• **The task**: Below are records; please write out exactly the lines from the first line through the line containing "Jual Dodol Garut", with no pictures.

• **Supplied data**:
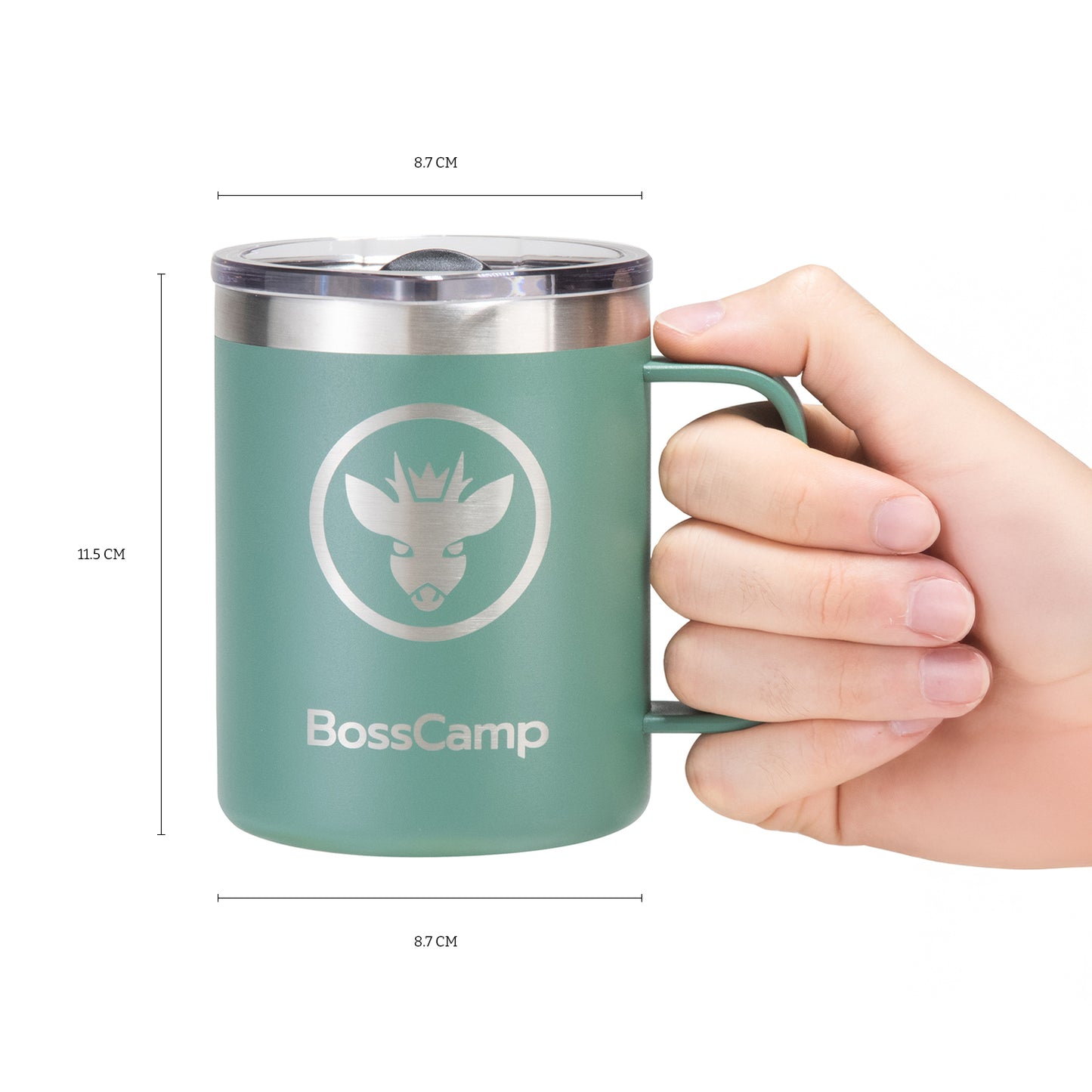 Taza Térmica Tapa Magnetic Slider 350 Ml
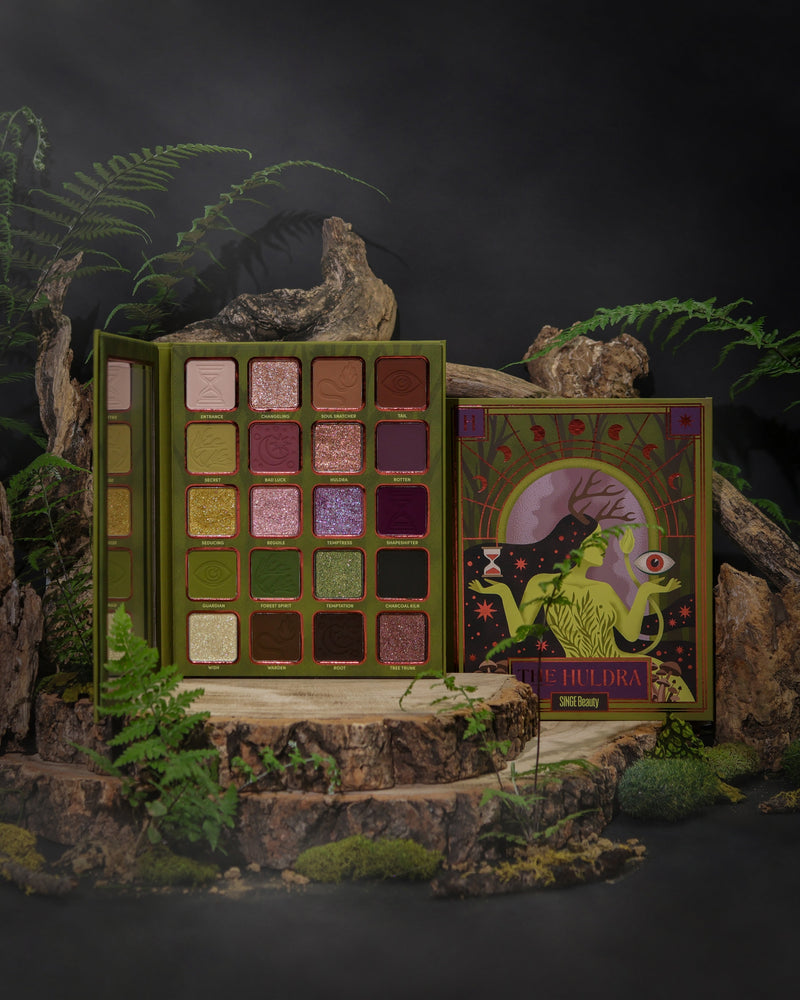 Singe Beauty The Huldra Palette 4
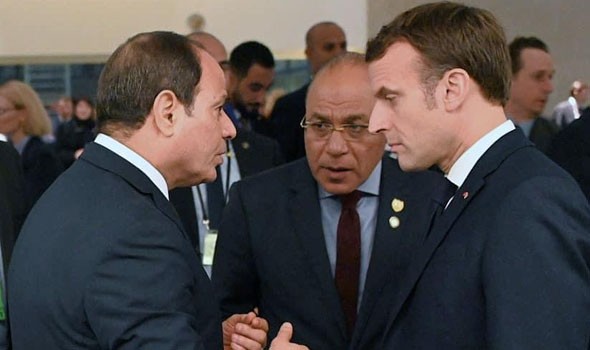  العرب اليوم - الرئيس الفرنسي يعلن إسقاط 5 مليارات دولار من ديون السودان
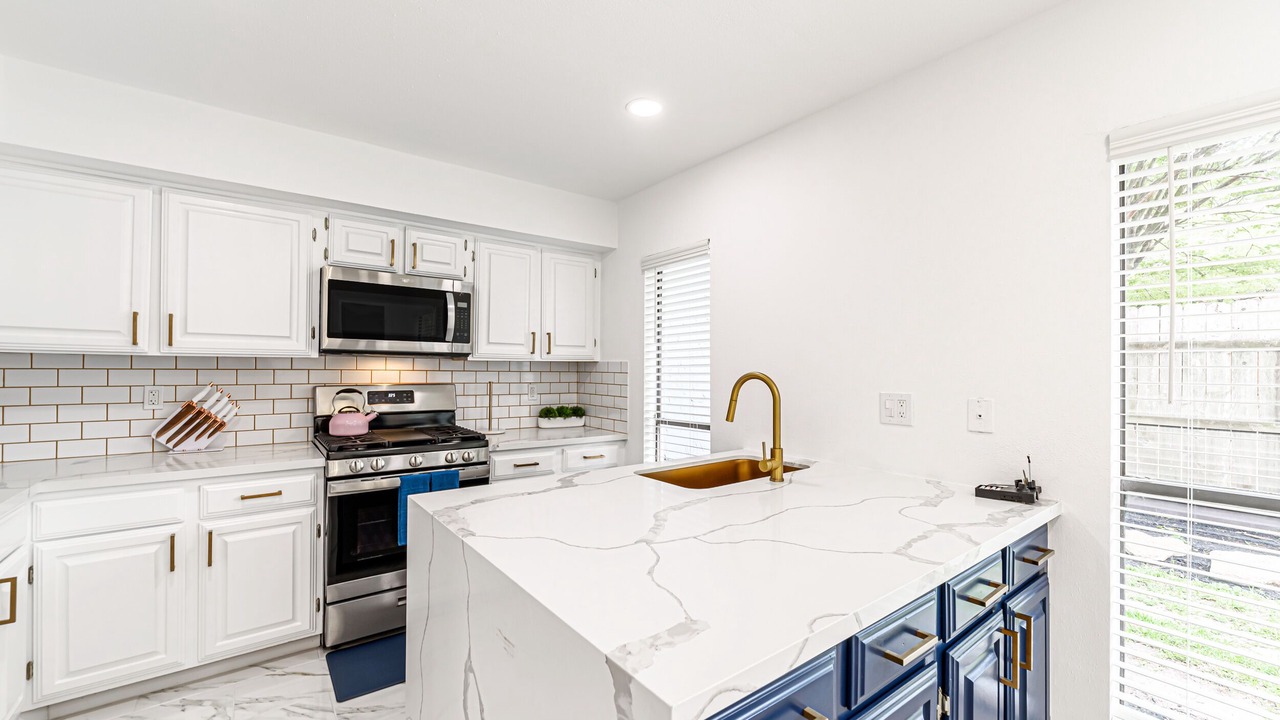 Photo of Kitchen in George Bush Park/Eldridge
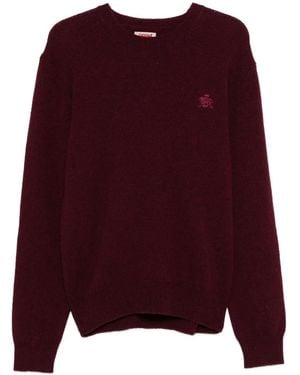 Baracuta ロゴ セーター - パープル
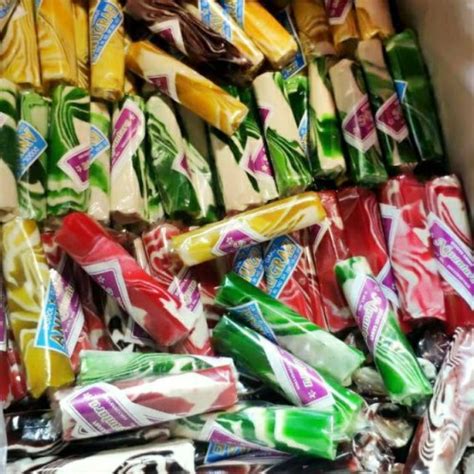 Jual Dodol Garut Isi 10 Kg DODOL ZEBRA Warna Warni Pelangi Asli Khas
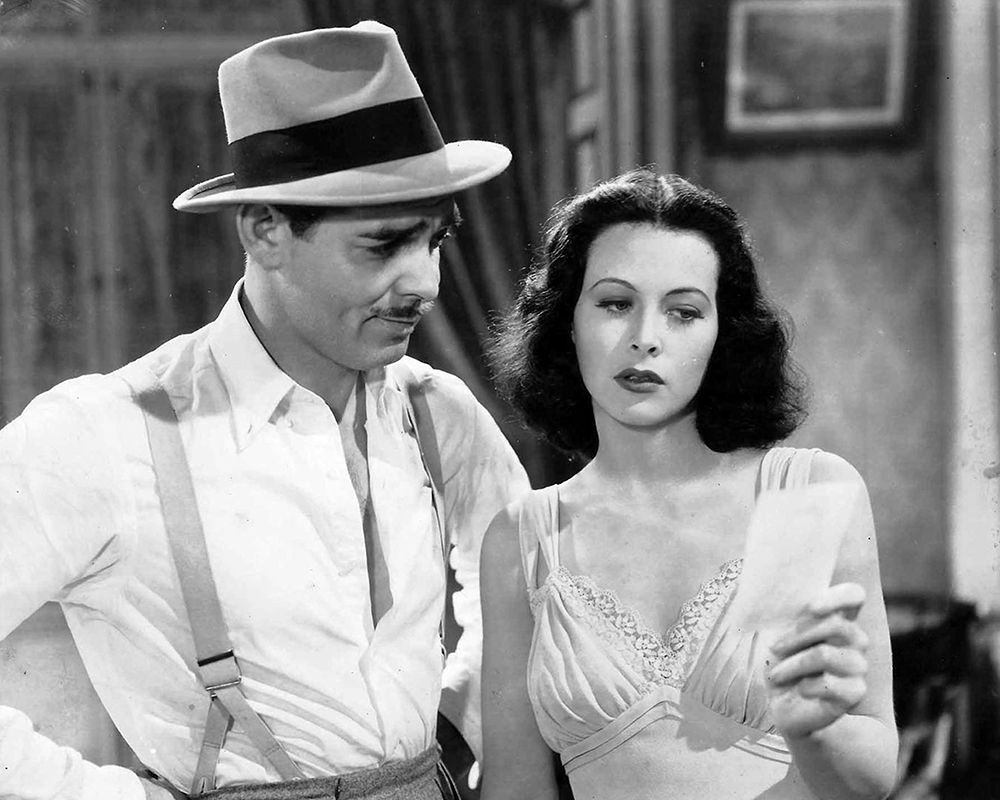 Clark Gable, Hedy Lamarr, Comrade X, 1940 art print by Vintage Hollywood Archive for $57.95 CAD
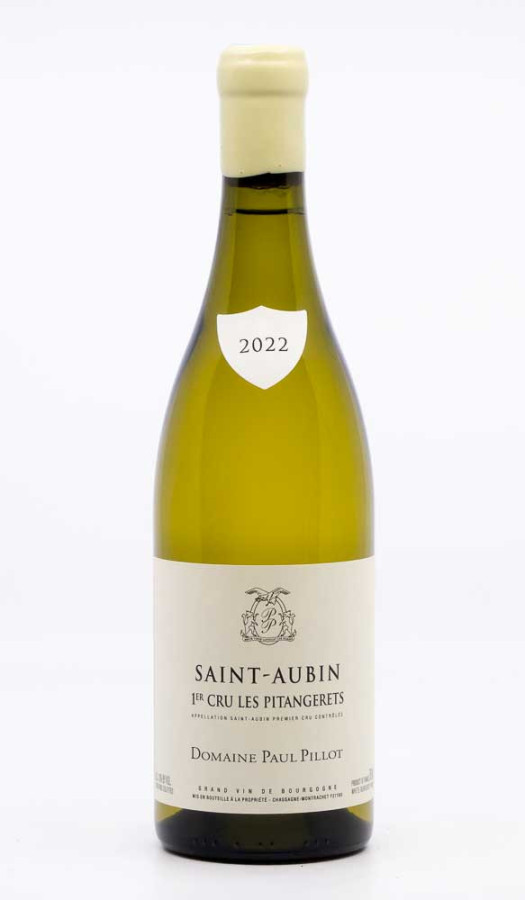 PILLOT PAUL - Saint Aubin 1er Cru les Pitangerets 2022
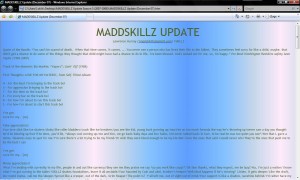 MADDSKILLZ Update (December 07)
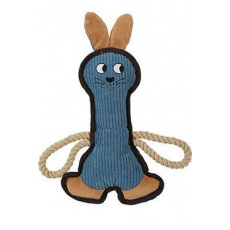 Hračka pes BUDDY králik modrá Zolux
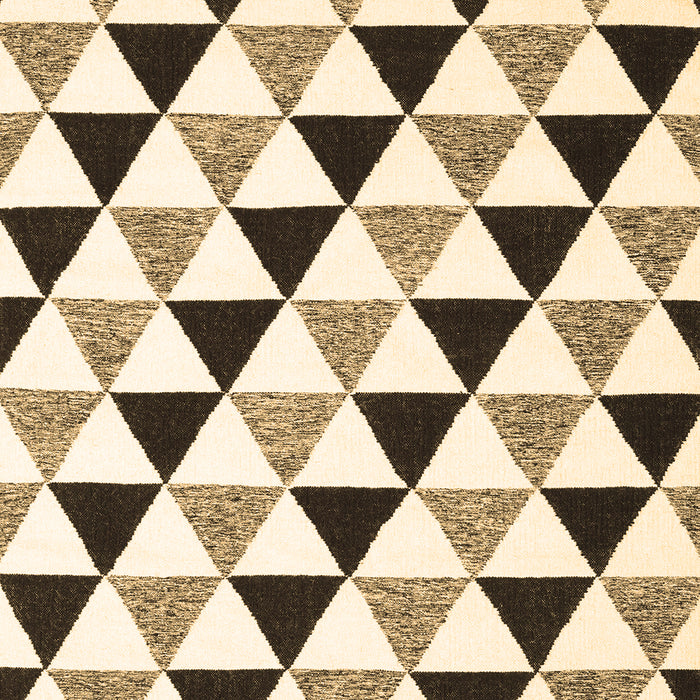Abstract Brown Contemporary Rug, con2294brn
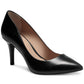 INC International Concepts Zitah Sapatos de bico fino femininos, pretos, tamanho 7 M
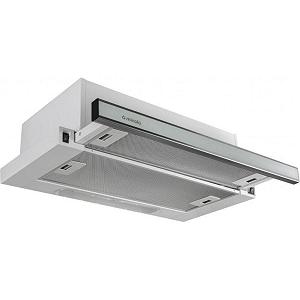 Витяжка Minola HTL 6060 I/ WH GLASS 430 (HTL 6060 I/ WH GLASS 430) - Фото 1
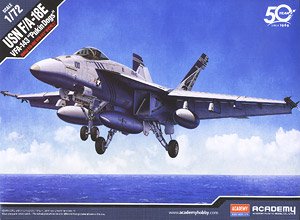 USN F/A-18E VFA-143 `Pukin Dogs` (Plastic model)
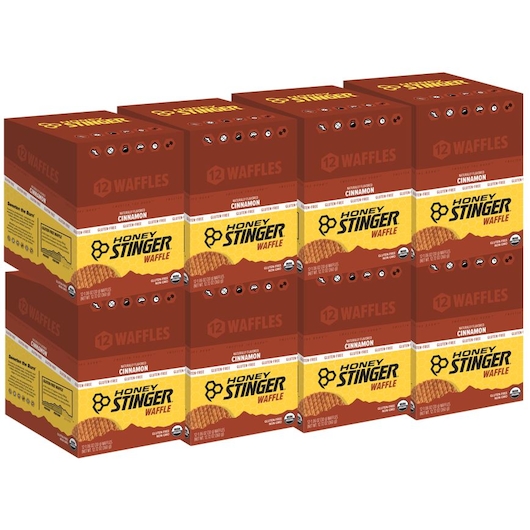 Honey Stinger Organic Cinnamon Waffle, 1.06 Ounce -- 96 Per Case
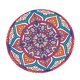 thumbnail image 4 of Mantel Ajustable Con Respaldo Impermeable Y Bordes Elásticos Lotus 1,2 M, 4 of 5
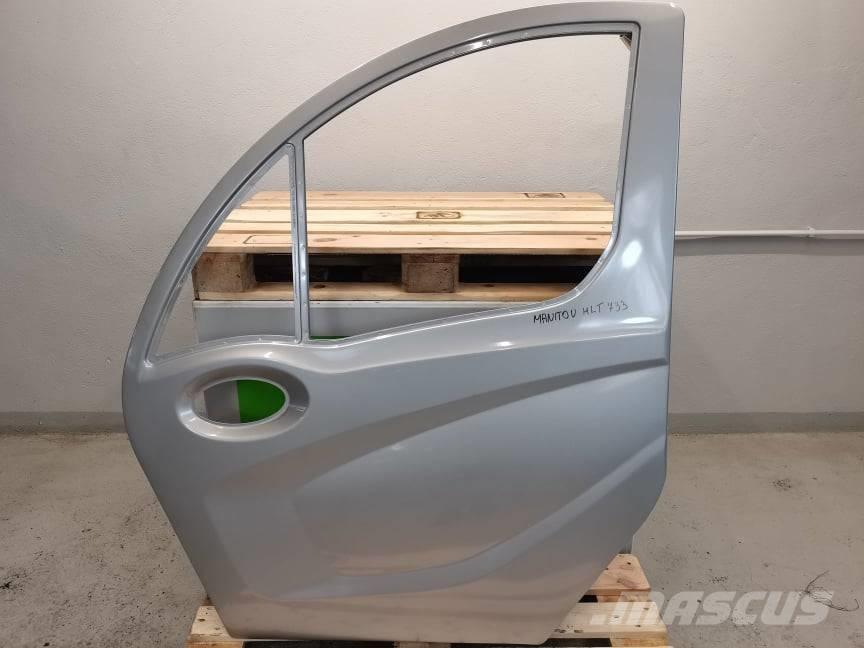 Manitou MLT 737 door Cabina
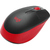 Мышь Logitech M190 красный / черный оптическая  (1000dpi) беспроводная USB  (2but)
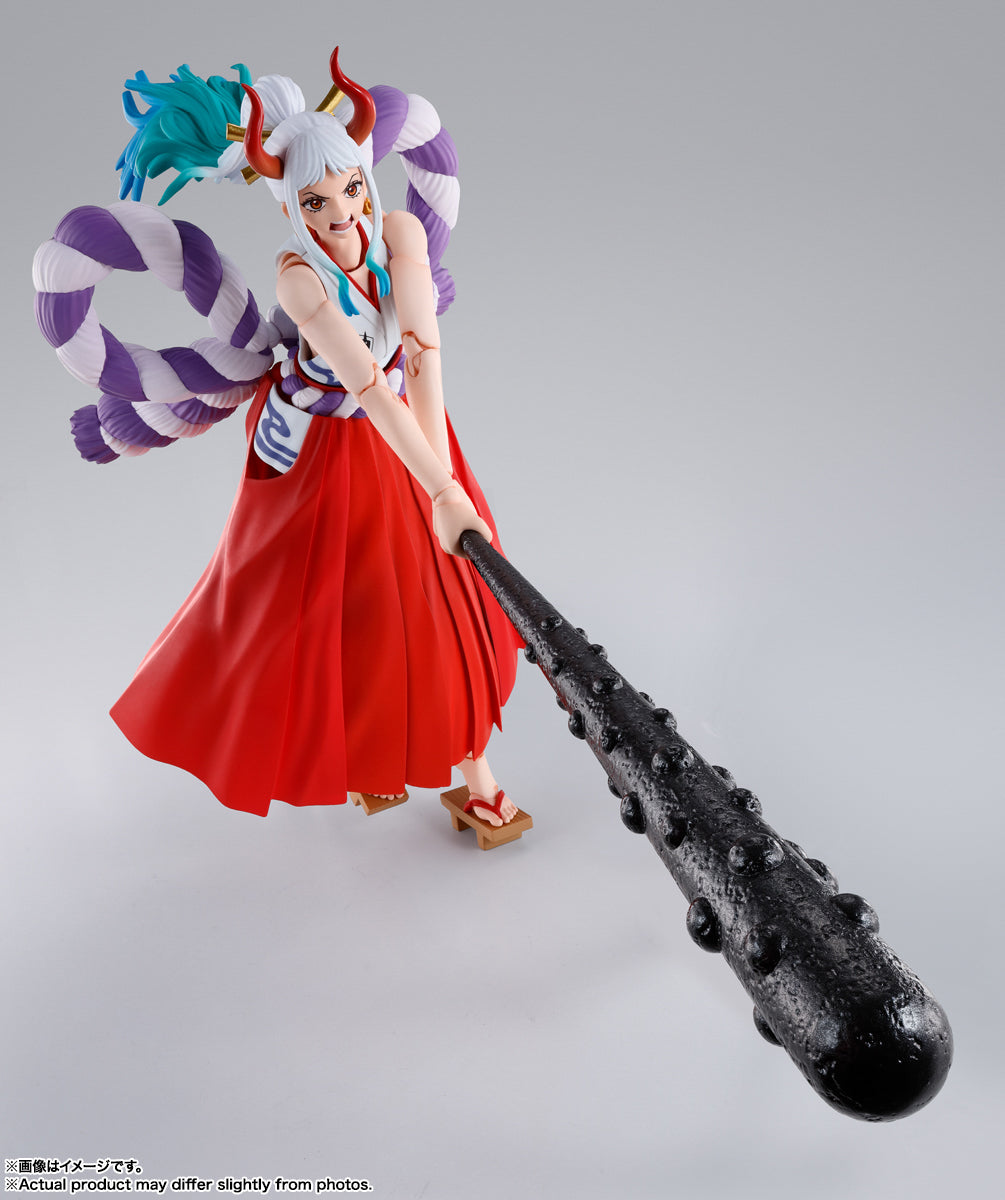 Figura Yamato - One Piece - S.H.Figuarts - Bandai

• **Exercise solution**:
 Taza Térmica Tapa Magnetic Slider 350 Ml
 Singe Beauty The Huldra Palette 4
  العرب اليوم - الرئيس الفرنسي يعلن إسقاط 5 مليارات دولار من ديون السودان
 Photo of Kitchen in George Bush Park/Eldridge
 Baracuta ロゴ セーター - パープル
 Jual Dodol Garut Isi 10 Kg DODOL ZEBRA Warna Warni Pelangi Asli Khas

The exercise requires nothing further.